Currently SnapEditor does not support the iPad yet though it will be there
before production. We actually tried it out on Friday (when we officially
launched the Beta site) and everything worked except for exiting the edit
mode. We haven't run our unit tests on the iPad yet though. It will probably
be very little work to get it to work on the iPad.

We also found that it seems to work on Android just fine though we haven't run
our unit tests on either.

Finally, we will also be having support for Opera later. Currently it doesn't
run at all on Opera but we have experience with making WYWISYWG editors for
Opera so it should not be too difficult.

TheSunny

------
JFitzDela
Definitely looks fantastic (assuming, of course, everything works as
roadmapped).

Gotta say that the price is a bit of a turnoff (can't see paying double my
yearly server cost for a text editor...), but I know you guys need to make
money, so I can only say, "best of luck!"

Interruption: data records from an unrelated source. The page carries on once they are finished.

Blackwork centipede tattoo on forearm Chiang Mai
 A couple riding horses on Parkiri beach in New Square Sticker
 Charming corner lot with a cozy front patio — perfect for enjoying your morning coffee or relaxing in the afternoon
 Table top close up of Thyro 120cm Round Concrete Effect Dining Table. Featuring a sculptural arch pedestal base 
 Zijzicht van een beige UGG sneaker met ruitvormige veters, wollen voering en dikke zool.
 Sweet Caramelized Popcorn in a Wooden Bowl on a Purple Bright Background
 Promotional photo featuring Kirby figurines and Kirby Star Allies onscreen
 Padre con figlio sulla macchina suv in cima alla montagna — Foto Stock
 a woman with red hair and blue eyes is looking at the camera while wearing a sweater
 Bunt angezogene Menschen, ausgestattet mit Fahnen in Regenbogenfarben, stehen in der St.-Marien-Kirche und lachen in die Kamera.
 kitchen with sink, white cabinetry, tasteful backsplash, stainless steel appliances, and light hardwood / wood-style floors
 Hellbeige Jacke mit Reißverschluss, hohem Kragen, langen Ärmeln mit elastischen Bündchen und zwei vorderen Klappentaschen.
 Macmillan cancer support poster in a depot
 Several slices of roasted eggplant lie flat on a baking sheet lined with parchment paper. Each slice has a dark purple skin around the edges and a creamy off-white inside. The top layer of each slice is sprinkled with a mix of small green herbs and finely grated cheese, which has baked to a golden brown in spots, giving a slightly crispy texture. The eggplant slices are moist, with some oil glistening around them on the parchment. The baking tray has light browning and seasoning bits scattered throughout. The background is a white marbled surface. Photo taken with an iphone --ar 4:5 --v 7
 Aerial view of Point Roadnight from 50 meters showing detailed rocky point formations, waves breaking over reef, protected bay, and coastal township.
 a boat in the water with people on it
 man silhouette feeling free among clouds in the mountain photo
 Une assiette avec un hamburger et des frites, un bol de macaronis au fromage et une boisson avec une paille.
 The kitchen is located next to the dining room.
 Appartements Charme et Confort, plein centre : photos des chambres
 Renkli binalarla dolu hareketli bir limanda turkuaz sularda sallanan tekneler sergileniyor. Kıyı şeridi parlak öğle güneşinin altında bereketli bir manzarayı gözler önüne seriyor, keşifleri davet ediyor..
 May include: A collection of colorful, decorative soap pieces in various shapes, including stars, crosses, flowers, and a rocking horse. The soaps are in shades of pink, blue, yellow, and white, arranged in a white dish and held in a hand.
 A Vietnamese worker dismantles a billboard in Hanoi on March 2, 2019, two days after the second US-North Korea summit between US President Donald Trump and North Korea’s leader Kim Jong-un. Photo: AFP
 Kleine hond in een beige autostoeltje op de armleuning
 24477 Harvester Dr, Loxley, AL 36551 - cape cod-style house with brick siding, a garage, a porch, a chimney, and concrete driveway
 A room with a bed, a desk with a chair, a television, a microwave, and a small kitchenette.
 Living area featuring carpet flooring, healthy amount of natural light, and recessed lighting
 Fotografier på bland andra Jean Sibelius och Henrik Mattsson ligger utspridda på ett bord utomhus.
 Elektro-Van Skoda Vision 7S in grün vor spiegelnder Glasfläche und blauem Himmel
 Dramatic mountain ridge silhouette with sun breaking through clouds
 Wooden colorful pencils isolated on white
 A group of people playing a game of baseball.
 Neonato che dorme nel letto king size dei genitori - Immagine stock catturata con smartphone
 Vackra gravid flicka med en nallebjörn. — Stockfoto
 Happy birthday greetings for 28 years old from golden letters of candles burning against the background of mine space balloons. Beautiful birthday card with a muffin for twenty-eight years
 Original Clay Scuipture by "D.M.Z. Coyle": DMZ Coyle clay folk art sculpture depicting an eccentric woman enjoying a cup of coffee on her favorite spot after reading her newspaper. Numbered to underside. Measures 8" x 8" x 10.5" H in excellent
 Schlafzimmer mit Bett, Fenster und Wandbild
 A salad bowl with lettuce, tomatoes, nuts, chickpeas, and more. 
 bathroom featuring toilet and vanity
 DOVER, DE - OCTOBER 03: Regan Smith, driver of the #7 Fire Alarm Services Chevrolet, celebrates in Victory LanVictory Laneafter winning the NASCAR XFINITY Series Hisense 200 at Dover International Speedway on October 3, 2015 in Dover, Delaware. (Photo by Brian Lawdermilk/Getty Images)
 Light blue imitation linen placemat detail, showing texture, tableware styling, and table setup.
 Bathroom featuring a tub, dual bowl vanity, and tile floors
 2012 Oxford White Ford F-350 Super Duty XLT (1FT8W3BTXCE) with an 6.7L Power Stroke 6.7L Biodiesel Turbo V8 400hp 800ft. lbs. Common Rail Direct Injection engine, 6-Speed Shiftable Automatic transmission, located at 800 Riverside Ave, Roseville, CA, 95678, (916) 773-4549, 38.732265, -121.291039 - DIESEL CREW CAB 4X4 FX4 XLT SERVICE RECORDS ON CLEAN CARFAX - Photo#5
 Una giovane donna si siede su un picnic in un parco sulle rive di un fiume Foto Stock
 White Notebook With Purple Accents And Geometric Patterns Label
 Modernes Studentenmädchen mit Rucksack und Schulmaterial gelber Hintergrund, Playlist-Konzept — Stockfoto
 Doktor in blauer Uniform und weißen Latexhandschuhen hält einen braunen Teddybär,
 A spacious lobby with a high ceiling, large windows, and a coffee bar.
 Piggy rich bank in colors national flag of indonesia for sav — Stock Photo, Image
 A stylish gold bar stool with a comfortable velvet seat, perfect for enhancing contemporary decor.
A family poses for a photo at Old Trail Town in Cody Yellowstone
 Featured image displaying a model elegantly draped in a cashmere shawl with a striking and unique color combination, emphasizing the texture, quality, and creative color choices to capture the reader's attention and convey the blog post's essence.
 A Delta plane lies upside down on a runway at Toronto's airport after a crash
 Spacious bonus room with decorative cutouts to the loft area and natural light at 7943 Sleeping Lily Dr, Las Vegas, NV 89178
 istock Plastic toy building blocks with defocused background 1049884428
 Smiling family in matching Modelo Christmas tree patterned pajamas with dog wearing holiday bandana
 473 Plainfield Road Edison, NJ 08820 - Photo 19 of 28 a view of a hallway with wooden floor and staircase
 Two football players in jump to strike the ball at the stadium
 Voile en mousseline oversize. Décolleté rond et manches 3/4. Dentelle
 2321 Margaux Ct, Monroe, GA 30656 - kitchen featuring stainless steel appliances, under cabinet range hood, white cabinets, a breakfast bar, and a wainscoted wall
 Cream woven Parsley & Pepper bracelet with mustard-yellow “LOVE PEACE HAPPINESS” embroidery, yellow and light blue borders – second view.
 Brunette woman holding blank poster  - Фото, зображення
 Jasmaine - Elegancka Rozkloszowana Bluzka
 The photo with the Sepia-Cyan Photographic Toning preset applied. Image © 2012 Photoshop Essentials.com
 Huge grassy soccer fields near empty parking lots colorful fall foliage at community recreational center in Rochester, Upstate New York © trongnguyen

I think you'd see a lot more traction with a much lower itch point (I'd pay
$99 for the unlimited license, for instance). And what's with the users and
developers thing? I'm not even sure how you'd track it, assuming it's a non-
hosted script, and even then I can't see a justification for jacking the price
up. Again, I know you need to make money, but c'mon....

Just my thoughts. The product itself looks fantastic. Just hope I can afford
it....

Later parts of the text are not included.